There are always short-term changes to the Sun’s output so one day’s propagation is never going to be the same as the previous or the next. Coronal Holes are commonplace and the passage of one across the surface of the Sun is always going to lead to changes in the Solar Wind, which in turn couples to Earth’s magnetic field and leads to changes in HF propagation.

 

This Autumn

So, what can we expect from propagation on the HF bands this autumn? The first thing I need to say is that we should not expect great things on the upper bands. The Solar Flux just won’t be high enough for the F-layer of the ionosphere – the layer that results in the longest distance propagation – to be sufficiently ionised to support refraction.

Starting at the upper end of the HF bands, I expect 28MHz will be very quiet indeed. If there is any activity it will be during daylight hours – and it will need to be daylight along the entire length of the path that the signals take. At times there could be many days in a row when there is nothing at all to be heard on the band.

Moving down to 21MHz, there should be openings but they may be short. As regards long distance (beyond Europe) working, paths to South America and Africa are likely to be the favoured ones. Signals will often be weak so if you hear faint stations chatting in Spanish during the evening, they are likely to be in South America. You shouldn’t expect any activity overnight.

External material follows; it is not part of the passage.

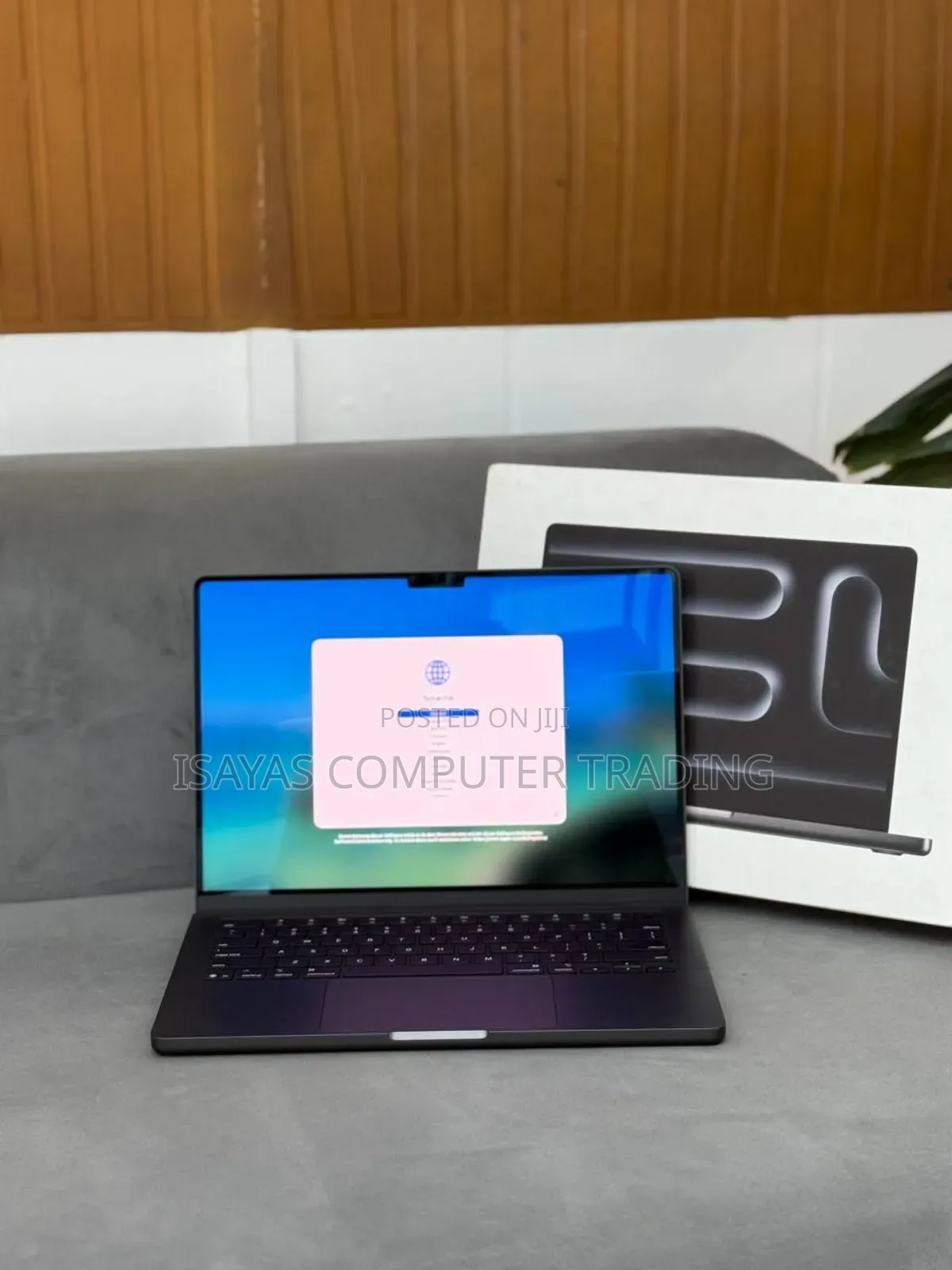 New Laptop Apple Macbook Pro 2025 M5 14-inch 16GB Apple M5 SSD 512GB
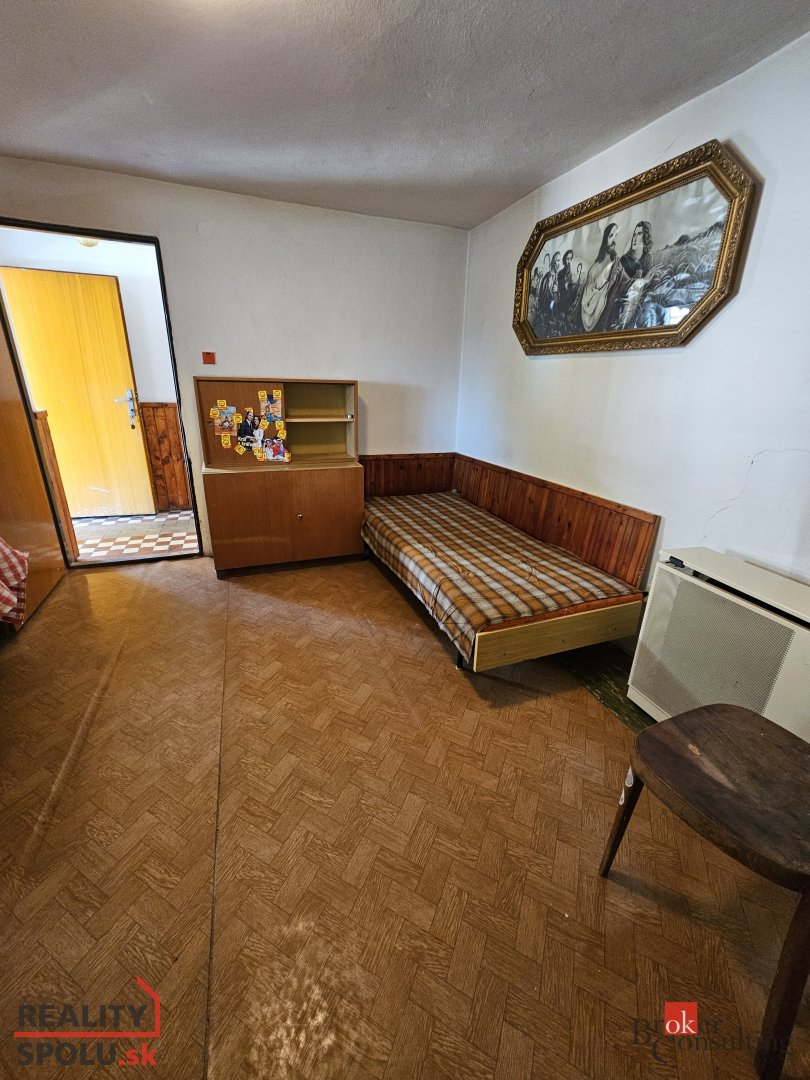 Rodinný dom s veľkou záhradou - 8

14MHz will be the carrier of most DX. Some paths might remain open after it gets dark but not every day. Once it closes, even this band – widely regarded as the most reliable for long distance communication – will remain closed until daylight the next day.

As regards long distance working, 10MHz could be quite an interesting band to operate on, especially at night. Remember, though, that because the band is only 50kHz wide, we are restricted to the use of narrowband modes such as Morse and RTTY (no telephony or similar modes).

7MHz should be a good band for DX but only at night. Paths to the East should be open around sunset, making DX contacts to the Far East possible. Paths to the West –North America, for example – should be open in the early hours of the morning. Although paths to the West are likely to peak shortly before sunrise, they might remain open for a while after it gets light. During daylight hours the Critical Frequency is likely to be below 7MHz so expect short-skip paths to be difficult. During the time that it isn’t possible to work stations around the UK, longer distance single-hop refractions to continental Europe might well remain good.

During daylight hours the Critical Frequency is likely to be above 3.5MHz so this band should be good for contacts up to a few hundred miles. At night the band will open for longer distance contacts. Multiple-hop refractions will become possible so the opportunities for DX working should be good at times.

Irrespective of the time of year, 1.8MHz will be closed during daylight hours because of absorption by the D Region of the ionosphere. This being so, you shouldn’t expect to hear anything beyond the range of Ground Wave propagation (tens of miles). As darkness falls and the D Region dissipates, the band will undoubtedly open up for skywave contacts. Single-hop refractions via the E Layer are likely to yield stations up to about 1300 miles away (so all of Europe). At times, longer distance contacts should be possible overnight.

 

Summing-Up

To summarise, while the HF bands are likely to be at their best during autumn, this year the best is unlikely to be good.

If you want to make the most of the meagre conditions we are likely to experience on many of the HF bands, narrow-band modes are likely to yield better results. This is because they offer a better signal-to-noise ratio than modes that require greater bandwidth. Traditionally this would mean using Morse rather than telephony but modern data modes are easy to get going on and many can be detected by a computer when a signal is too weak for a human operator to hear. PSK is a prime example of such a mode but Joe Taylor K1JT has over the years developed a suite of software offering a number of data modes optimised for different propagation types and paths. His recent development, FT8, is currently all the rage.